Last week, I watched with growing unease the fracas surrounding the ill-advised remarks made by both Charleston County School Board Vice Chair Nancy Cook and Charleston NAACP President Dot Scott regarding an appearance Cook made on 1250 WTMA-AM’s The Morning Buzz with Richard Todd.

On April 3, Cook went on the talk show to discuss a report on the abysmal high dropout rates in America’s largest 50 cities. As happens on talk radio, the conversation went all cattywhompus, with Cook making a hip-shot statement about teen pregnancy.

Cook, a Republican candidate for Charleston County Council, said, “We’re not standing up as people and saying that we’ve had enough of that. We’re not paying for another baby, maybe one baby, but after that, we’re taking the baby. And maybe you get sterilized. I know that sounds kind of extreme and radical…”

Jeez, Louise, I wish people would confine the crazy talk behind drained glassware in bars where it belongs.

Cook, director of Good Neighbor Homeless Shelters, was openly criticized for being insensitive to the issue of teen pregnancy and more subtly so for racism.

She released a statement in response: “What was spoken was taken out of context. I’ve spent my entire life helping others. The issues of teen pregnancies and high school dropout rates go hand-in-hand. We need to discuss this as an issue of personal responsibility and accountability, not government intervention. Clearly, to suggest that I would be for such a radical idea would be against my morals, beliefs, and life work.”

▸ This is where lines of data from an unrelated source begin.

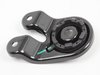 BRACKET CROSSMEMBER - image 2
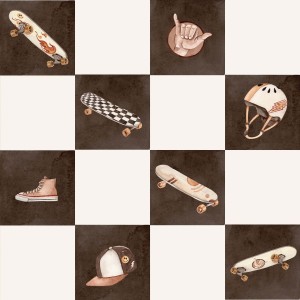 Tapeta Skate szachownica 2.jpg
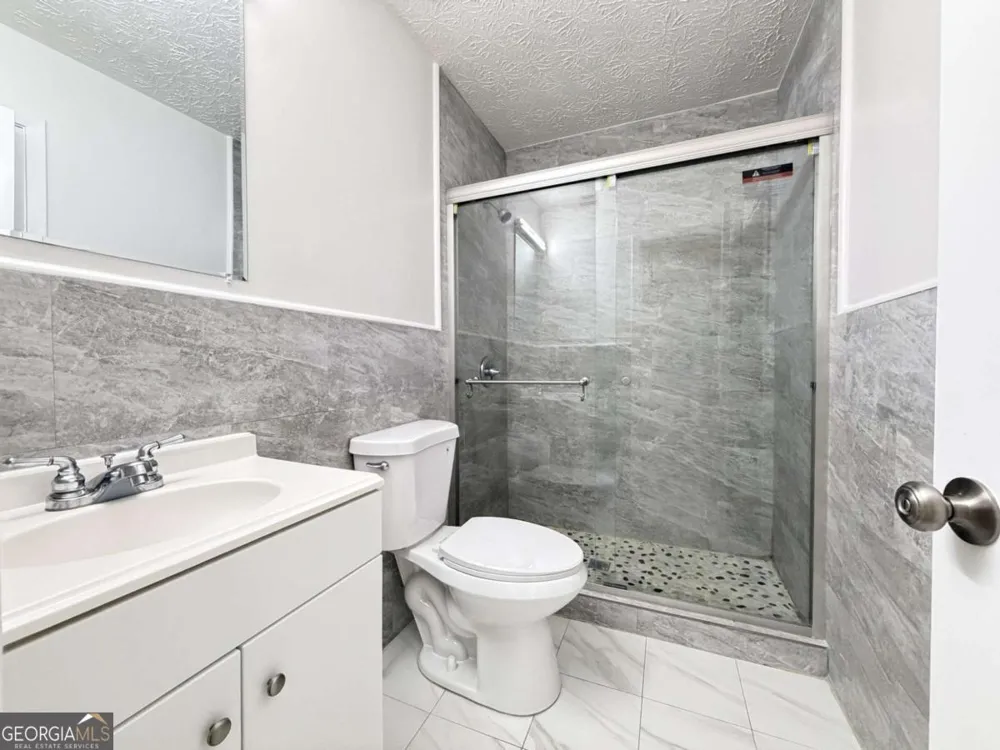 6624 Wellington SQ Norcross, GA 30093
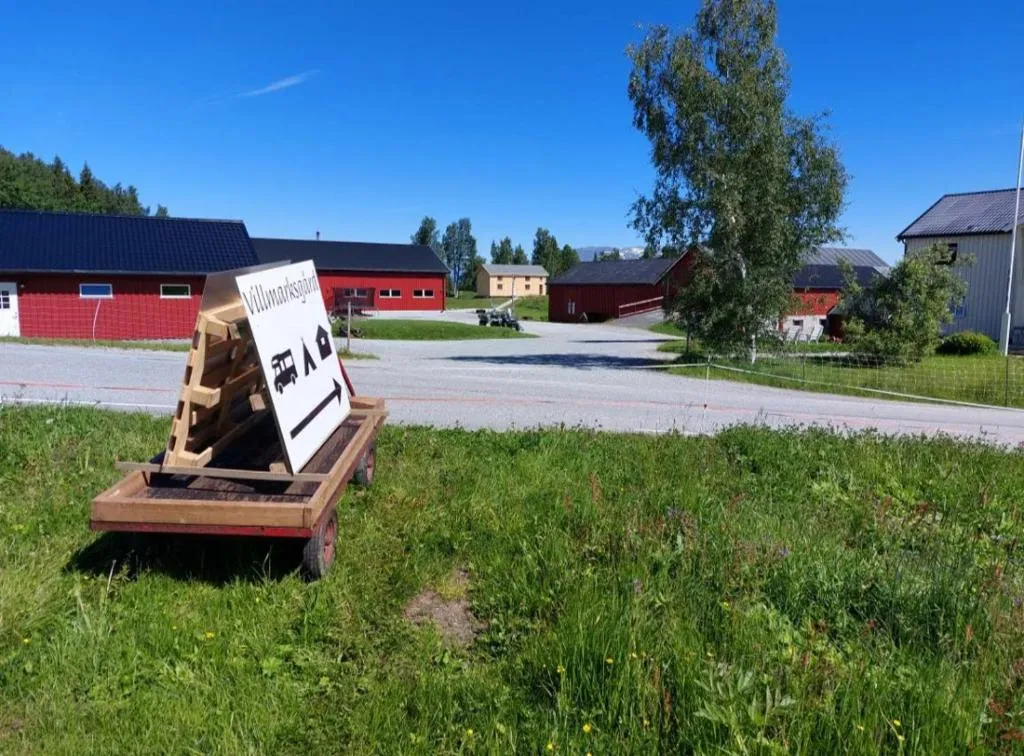 villmarksgard-camping-hattfjelldal-zy51f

Dot Scott demanded that Cook either apologize or resign, and enroll in sensitivity and diversity training. She also called on the rest of the School Board to denounce Cook’s remarks.

Scott said, “Her words are especially offensive in the American South, where poor women were once involuntarily sterilized and often, with prejudice, labeled as unfit mothers because of their color or economic class.”

I’m going to give Scott some points for presenting a reasonably accurate historical view of things, but when did sensitivity and diversity training for public officials ever do anything for young girls “in trouble”? I suspect this demand will be met with as much success as the NAACP’s economic boycott of South Carolina over the Confederate battle flag.

U.S. Census Bureau data for 2000-03 shows that unmarried South Carolina women accounted for 37.2 percent of all births. Nationally, the average was 29.1 percent. In the Palmetto State, 10.97 percent of all births are attributed to teenage girls; nationally, that percentage is 7.7 percent.

The same data shows that 44.4 percent of unmarried South Carolinians giving birth live below the poverty level. For married mothers in South Carolina, it’s 14.4 percent. According to the S.C. Office of Research and Statistics, one-third of Charleston County dropouts are pregnant girls.

I live around the corner from the Florence Crittendon Home, a residential facility for pregnant teenagers. Day after day, year after year, I’ve watched these girls stroll around the neighborhood with their swelling bellies, knowing deeply that most of them were screwed from the time they were born due to poverty and/or childhood neglect and abuse. I wonder what happens to them, and I resolve to make a donation to the facility.

Sometimes I do, sometimes I don’t. Which is little bit better than using a social ill to score political points with the crasser elements of the conservative crowd or to maintain the relevance of a national organization that is slowly becoming marginalized by its own demographic.